Les députés de la Douma (chambre basse du parlement russe) représentant le parti Russie uni et le Parti libéral-démocrate de Russie proposent d’obliger les autorités à attribuer les marchés publics aux entreprises qui emploient les jeunes. Selon les experts, c’est le mécontentement croissant de la part de la population et non pas le chômage que l’Etat redoute.
Selon le ministère russe de la Santé et du Développement social, au 1er septembre 2010, le nombre de chômeurs officiellement enregistrés en Russie s’élevait à 1,71 million de personnes. Le chômage total au milieu de l’été dernier était estimé à 5,4 millions de personnes, soit 7% de la population active. Selon le Service russe des statistiques (Rosstat), les jeunes de moins de 25 ans représentent 33% des demandeurs d'emploi et l’âge moyen des chômeurs était de 33,5 ans en juin 2010.
Après avoir examiné les statistiques affligeantes, les législateurs russes ont décidé d’introduire une clause supplémentaire dans le règlement d’attribution des marchés publics. Les organismes d’Etat seront autorisés à imposer aux entreprises l’obligation d’employer des brigades de travail estudiantines lors de l’exécution des commandes publiques. La note explicative jointe au projet de loi stipule que cette mesure permettrait d’employer les jeunes lors de la construction des istallations importantes de l’infrastructure et de l’industrie en Russie bien que les députés n’aient pas l’intention de se limiter à ces deux secteurs.

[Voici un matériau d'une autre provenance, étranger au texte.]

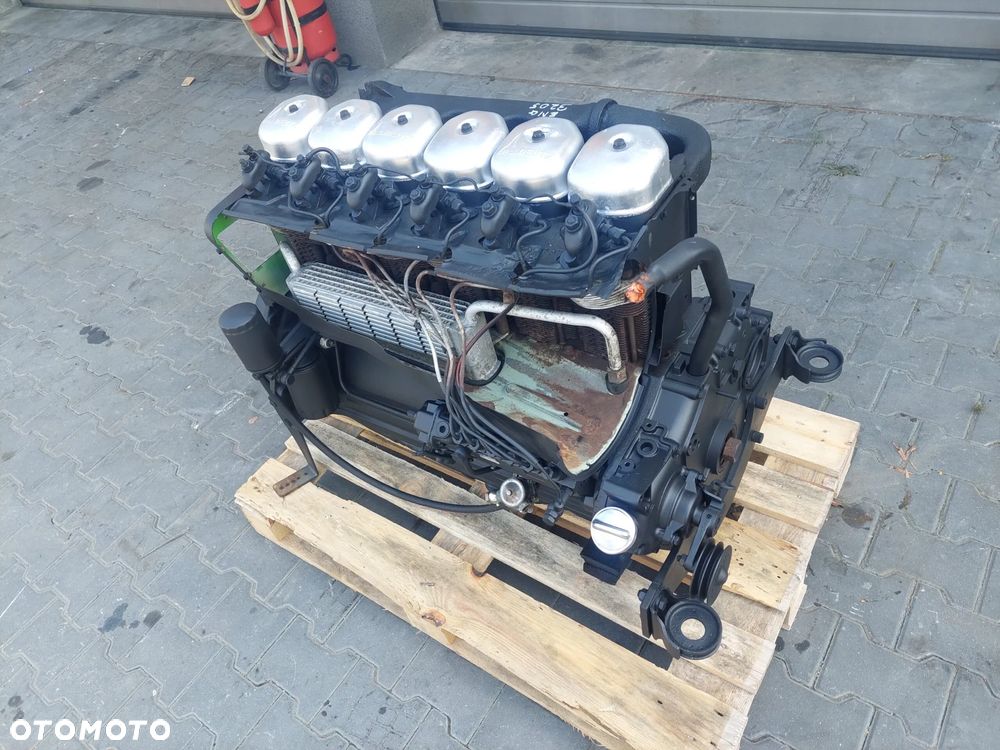 Silnik spalinowy Deutz F6L912 F6L 912 Engine Koparka Atlas Zeppelin - 15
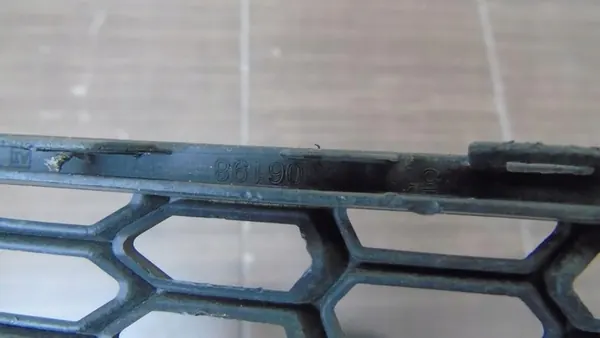 Griglia Paraurti Anteriore Destra BMW F10 F11 OE image 3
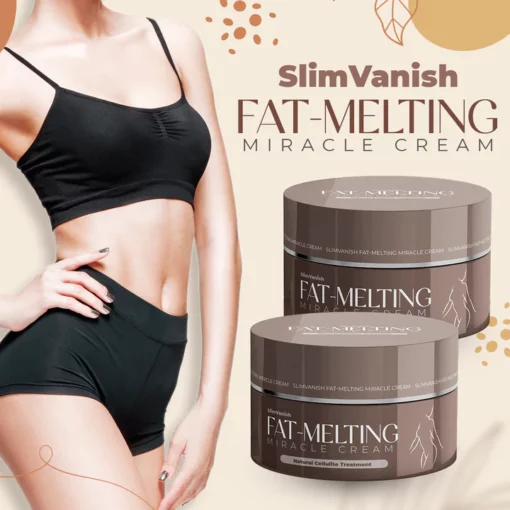 SlimVanish Fat-Melting Miracle Cream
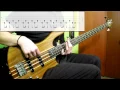 Download Lagu System Of A Down - Toxicity (Bass Cover) (Play Along Tabs In Video)
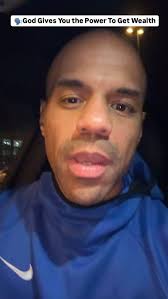 🗣️God Gives You the Power To Get Wealth, 📖 Deut. 8:18 And you shall  remember the LORD your God, for it is He who gives you power to get  wealth...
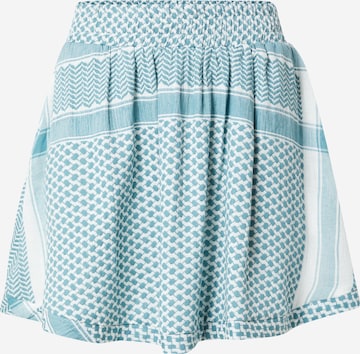 Summery Copenhagen Skirt in Green: front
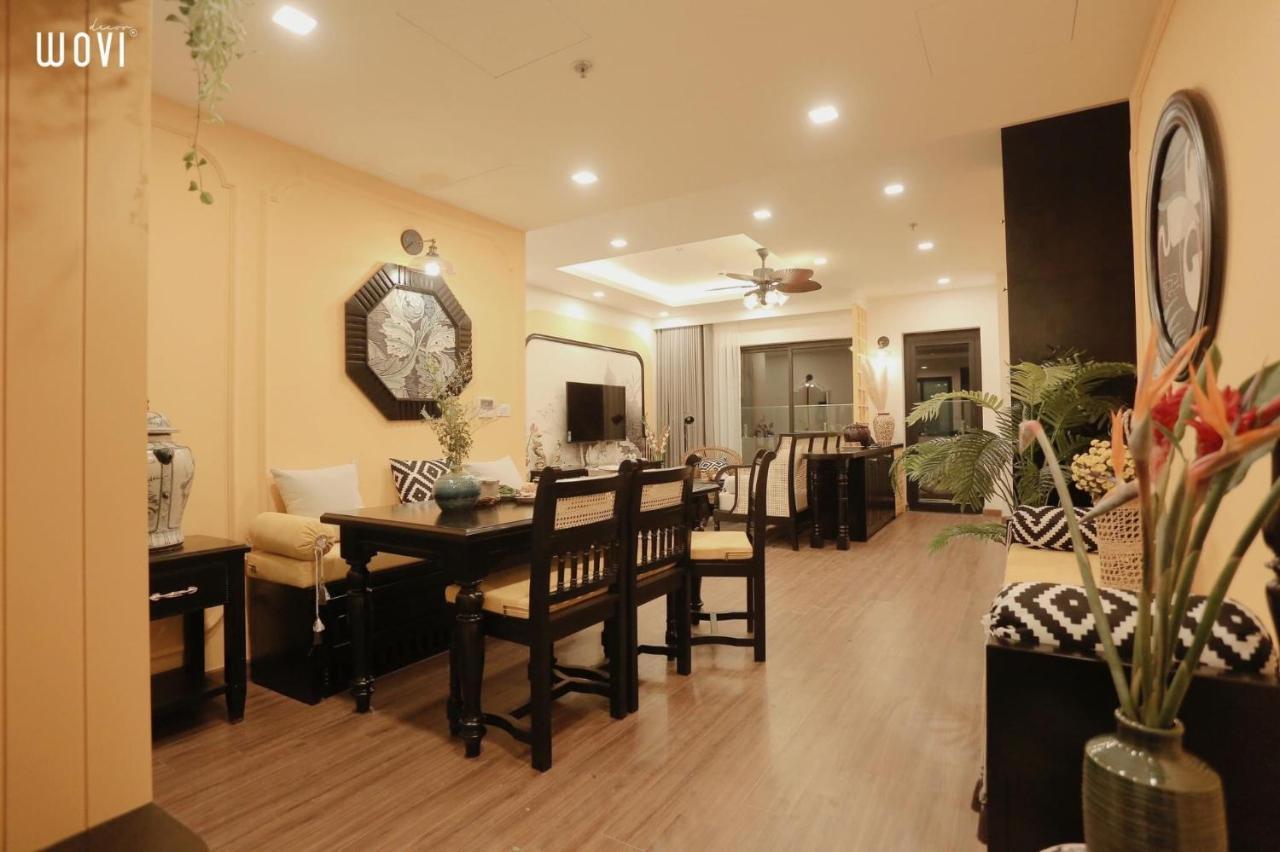 Ferienwohnung The Sun Beach - Flc Sea Tower Quy Nhon Exterior foto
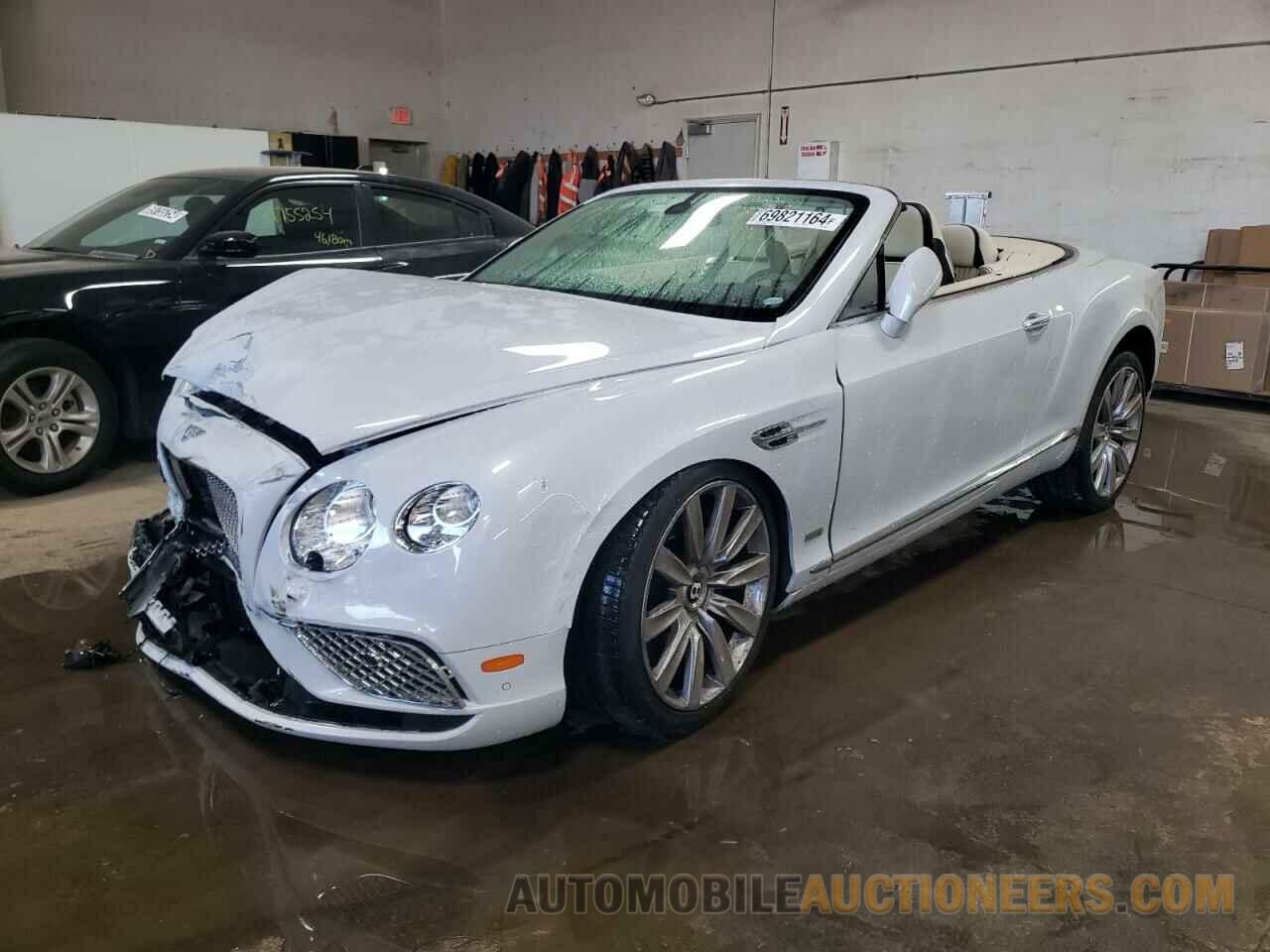 SCBGU3ZA9JC066355 BENTLEY CONTINENTA 2018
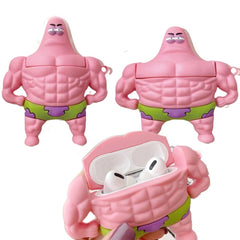 Buff Patrick Airpods Case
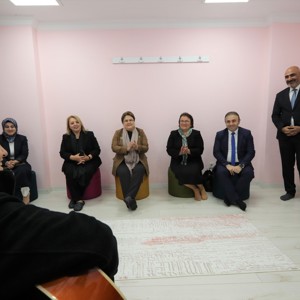 Bakanımız Derya Yanık Muş’ta 2023'e Doğru Şehir Buluşmaları Programına Katıldı - fotoğraf 11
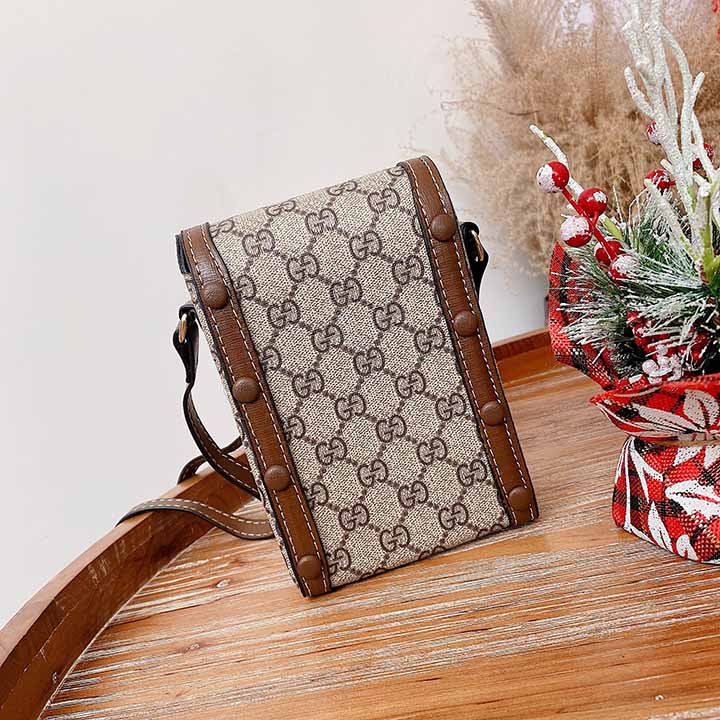 皮製gucciケースアイフォン 11Pro/11Promax/11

L’idée de faire renaître les brigades de travail estudiantines est débattue depuis des années, déclare Alexandre Galouchka, vice-président de l’ONG Delovaïa Rossia (Russie des affaires) en précisant que "Cette institution pourrait non seulement procurer du travail aux jeunes mais motiver les entreprises à employer des jeunes au lieu des travailleurs immigrés venant des anciennes républiques soviétiques. Le niveau de rétribution de ces deux groupes serait comparable. Néanmoins, les jeunes ne pourront pas entièrement remplacer les travailleurs immigrés", conclue Alexandre Galouchka.
Selon les experts, c’est un autre objectif que l’Etat cherche à atteindre. Il n’y a tout simplement pas assez de moyens pour verser des bourses suffisantes aux étudiants. Selon les politologues, l’Etat ne pourrait donc remédier à cette carence qu’en faisant appel aux milieux d’affaires. Alexeï Makarkine, premier vice-président du Centre des technologies politiques, souligne que l’Etat ne pourrait assurer aux étudiants qu’une source de revenus supplémentaires pour la période des vacances.
"Ces brigades ne pourront pas remplacer les travailleurs immigrés venant des anciennes républiques soviétiques: les employeurs cherchent une main-d'œuvre bon marché et dépourvue de droits, ce qui n’est pas le profil des étudiants russes. Il s’agit donc juste d’un effort pour réduire le mécontentement des étudiants car les autorités redoutent leurs éventuelles protestations", résume Alexeï Makarkine.